> **WORK REQUEST**: Drop every picture and give the entries back exactly.
** RECORDS PROVIDED follows **
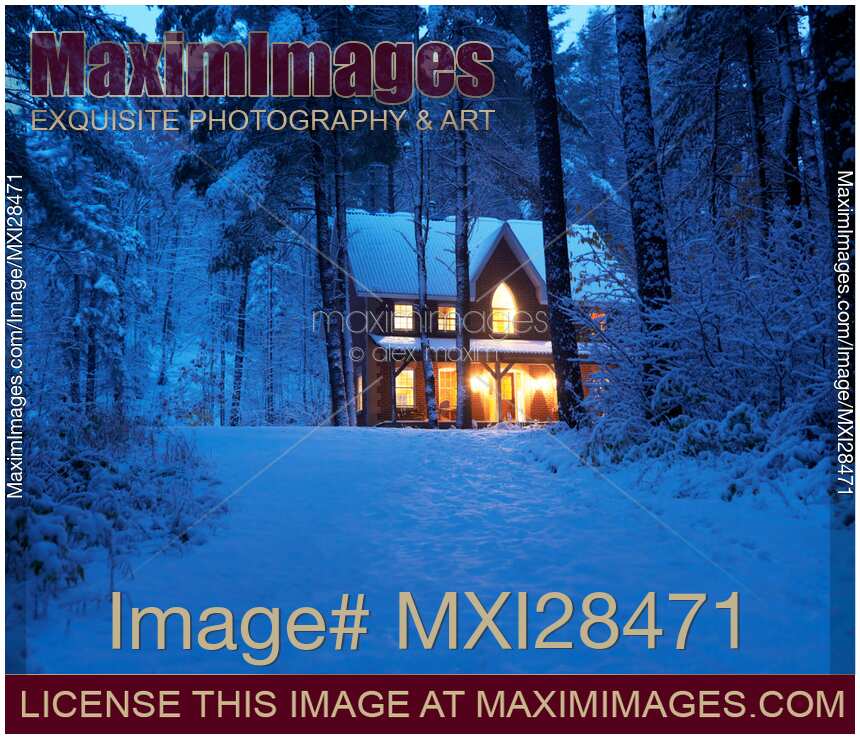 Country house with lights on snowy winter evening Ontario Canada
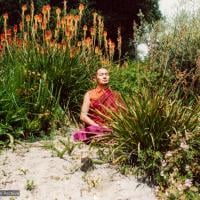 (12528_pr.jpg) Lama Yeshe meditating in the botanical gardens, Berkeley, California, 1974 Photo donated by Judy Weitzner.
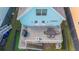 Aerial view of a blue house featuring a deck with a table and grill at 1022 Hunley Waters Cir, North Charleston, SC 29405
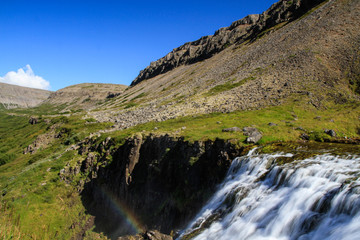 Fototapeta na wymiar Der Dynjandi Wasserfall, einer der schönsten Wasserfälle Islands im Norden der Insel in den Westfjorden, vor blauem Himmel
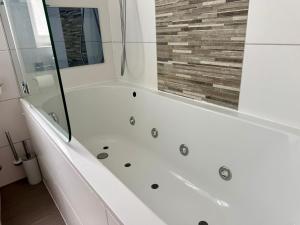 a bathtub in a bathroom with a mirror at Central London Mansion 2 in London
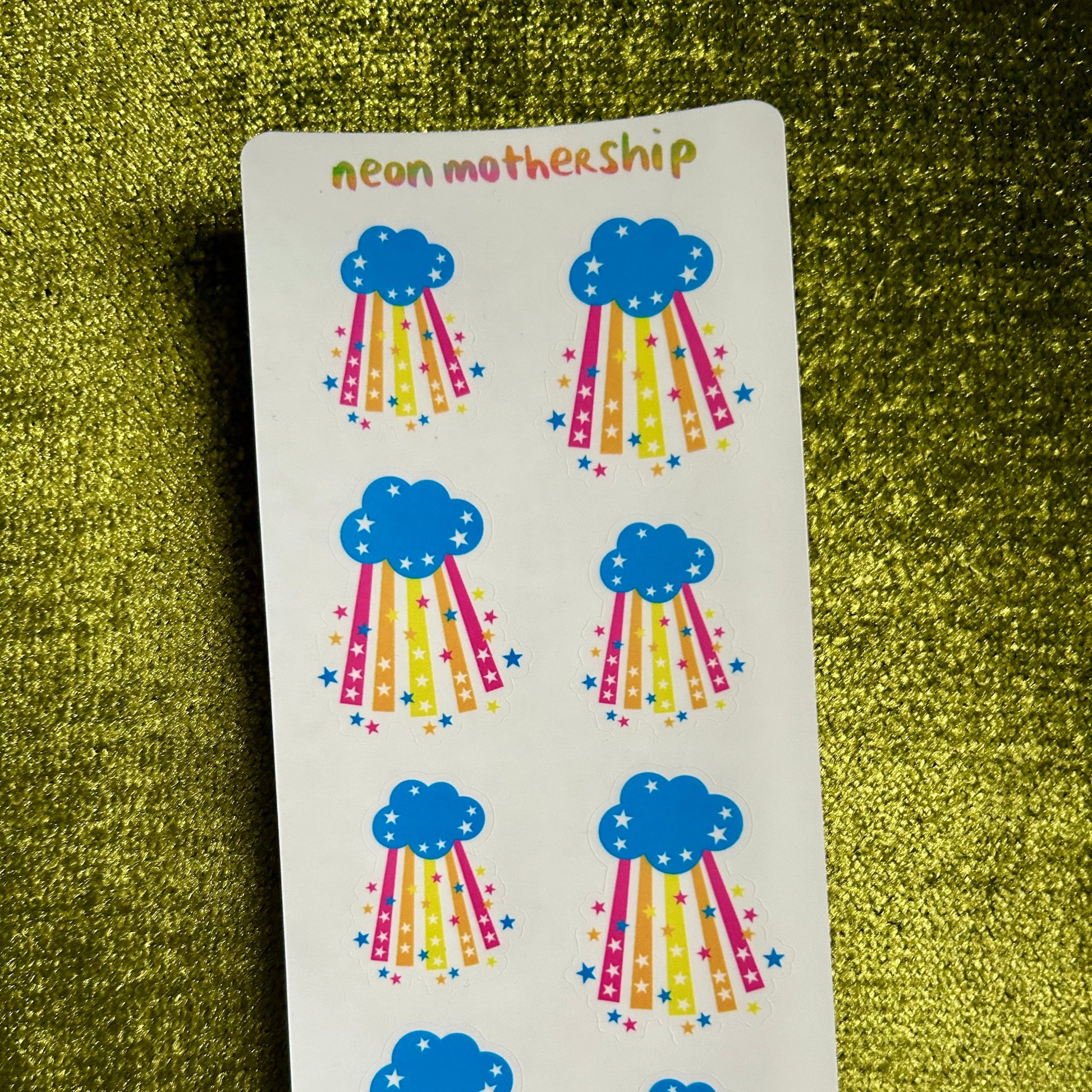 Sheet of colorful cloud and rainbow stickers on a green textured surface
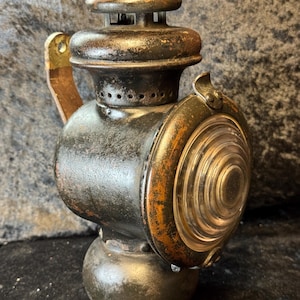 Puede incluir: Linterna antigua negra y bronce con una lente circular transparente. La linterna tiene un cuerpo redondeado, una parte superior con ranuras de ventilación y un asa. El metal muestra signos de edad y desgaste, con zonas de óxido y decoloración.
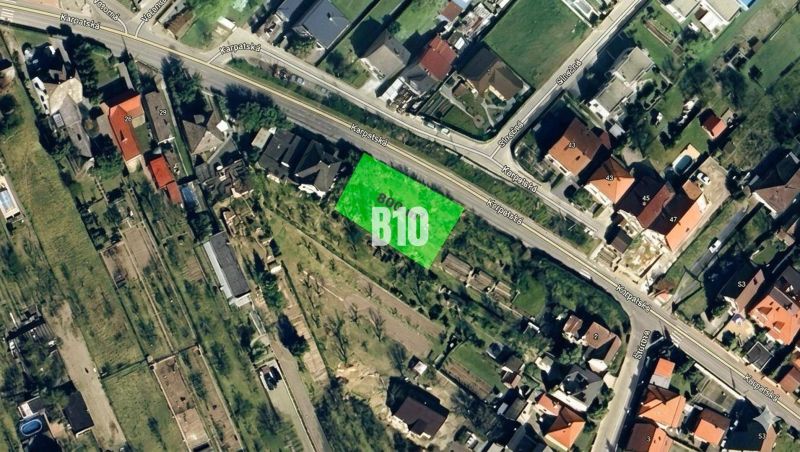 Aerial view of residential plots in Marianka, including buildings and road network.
** End of RECORDS PROVIDED **
> **TASK SOLUTION**:
 Country house with lights on snowy winter evening Ontario Canada
 (12528_pr.jpg) Lama Yeshe meditating in the botanical gardens, Berkeley, California, 1974 Photo donated by Judy Weitzner.
 Aerial view of a blue house featuring a deck with a table and grill at 1022 Hunley Waters Cir, North Charleston, SC 29405
 Fototapeta na wymiar Der Dynjandi Wasserfall, einer der schönsten Wasserfälle Islands im Norden der Insel in den Westfjorden, vor blauem Himmel
 a bathtub in a bathroom with a mirror at Central London Mansion 2 in London
 Sheet of colorful cloud and rainbow stickers on a green textured surface
 Puede incluir: Linterna antigua negra y bronce con una lente circular transparente. La linterna tiene un cuerpo redondeado, una parte superior con ranuras de ventilación y un asa. El metal muestra signos de edad y desgaste, con zonas de óxido y decoloración.
 Aerial view of residential plots in Marianka, including buildings and road network.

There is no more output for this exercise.